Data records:
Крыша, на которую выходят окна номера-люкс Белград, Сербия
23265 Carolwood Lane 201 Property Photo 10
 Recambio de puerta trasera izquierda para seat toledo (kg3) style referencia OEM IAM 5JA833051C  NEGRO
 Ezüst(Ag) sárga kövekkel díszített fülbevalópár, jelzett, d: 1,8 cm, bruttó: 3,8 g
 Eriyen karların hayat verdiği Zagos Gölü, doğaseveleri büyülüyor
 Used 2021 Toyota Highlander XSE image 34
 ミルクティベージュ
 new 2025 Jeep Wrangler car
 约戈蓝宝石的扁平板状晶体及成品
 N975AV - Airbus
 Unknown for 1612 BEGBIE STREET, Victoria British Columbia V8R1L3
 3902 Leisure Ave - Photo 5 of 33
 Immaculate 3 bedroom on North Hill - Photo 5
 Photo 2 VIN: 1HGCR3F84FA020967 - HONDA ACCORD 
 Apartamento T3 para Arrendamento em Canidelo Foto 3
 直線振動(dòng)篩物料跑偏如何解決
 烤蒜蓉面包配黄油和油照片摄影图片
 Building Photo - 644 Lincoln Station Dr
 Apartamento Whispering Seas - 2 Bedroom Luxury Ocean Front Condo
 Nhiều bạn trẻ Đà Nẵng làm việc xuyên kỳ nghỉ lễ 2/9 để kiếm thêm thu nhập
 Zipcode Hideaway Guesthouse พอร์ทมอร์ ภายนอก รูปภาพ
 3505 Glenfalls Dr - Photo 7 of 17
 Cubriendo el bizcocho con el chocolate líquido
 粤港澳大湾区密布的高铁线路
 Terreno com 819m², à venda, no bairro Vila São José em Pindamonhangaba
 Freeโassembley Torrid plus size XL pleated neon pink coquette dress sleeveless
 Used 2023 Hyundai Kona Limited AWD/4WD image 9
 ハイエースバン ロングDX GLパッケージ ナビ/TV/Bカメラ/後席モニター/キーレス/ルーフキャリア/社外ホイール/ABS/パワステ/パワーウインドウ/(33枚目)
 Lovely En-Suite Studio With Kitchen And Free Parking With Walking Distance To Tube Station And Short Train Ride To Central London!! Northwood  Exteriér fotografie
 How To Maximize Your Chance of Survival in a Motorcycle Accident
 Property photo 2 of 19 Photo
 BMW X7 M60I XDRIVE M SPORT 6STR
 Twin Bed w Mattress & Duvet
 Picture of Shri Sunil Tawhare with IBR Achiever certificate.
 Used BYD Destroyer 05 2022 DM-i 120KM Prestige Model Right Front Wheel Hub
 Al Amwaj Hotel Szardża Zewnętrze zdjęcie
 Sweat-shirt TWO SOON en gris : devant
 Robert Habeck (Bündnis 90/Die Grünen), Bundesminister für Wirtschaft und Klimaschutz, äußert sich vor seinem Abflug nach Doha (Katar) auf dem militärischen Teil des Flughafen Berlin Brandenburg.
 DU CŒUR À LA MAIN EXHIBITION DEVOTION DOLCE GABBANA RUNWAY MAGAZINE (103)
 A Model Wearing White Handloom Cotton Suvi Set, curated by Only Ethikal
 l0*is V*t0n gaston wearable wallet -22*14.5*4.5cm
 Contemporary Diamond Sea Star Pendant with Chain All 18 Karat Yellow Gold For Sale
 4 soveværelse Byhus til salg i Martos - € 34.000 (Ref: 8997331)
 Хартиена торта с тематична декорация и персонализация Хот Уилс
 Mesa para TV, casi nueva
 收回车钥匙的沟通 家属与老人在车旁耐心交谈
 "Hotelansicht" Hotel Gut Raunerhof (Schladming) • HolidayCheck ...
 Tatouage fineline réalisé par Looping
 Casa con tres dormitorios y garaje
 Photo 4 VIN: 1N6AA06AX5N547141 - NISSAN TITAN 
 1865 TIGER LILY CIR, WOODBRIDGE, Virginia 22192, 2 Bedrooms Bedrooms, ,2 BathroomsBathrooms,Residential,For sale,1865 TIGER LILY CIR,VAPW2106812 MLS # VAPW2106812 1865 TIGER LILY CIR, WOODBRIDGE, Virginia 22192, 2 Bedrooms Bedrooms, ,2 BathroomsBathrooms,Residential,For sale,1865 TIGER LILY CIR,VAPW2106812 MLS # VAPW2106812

Required work: Beginning at the line with "Robert Habeck (Bündnis" and stopping after the line with "DU CŒUR À LA", please write out every line of the data above exactly and nothing else.

Response:
 Robert Habeck (Bündnis 90/Die Grünen), Bundesminister für Wirtschaft und Klimaschutz, äußert sich vor seinem Abflug nach Doha (Katar) auf dem militärischen Teil des Flughafen Berlin Brandenburg.
 DU CŒUR À LA MAIN EXHIBITION DEVOTION DOLCE GABBANA RUNWAY MAGAZINE (103)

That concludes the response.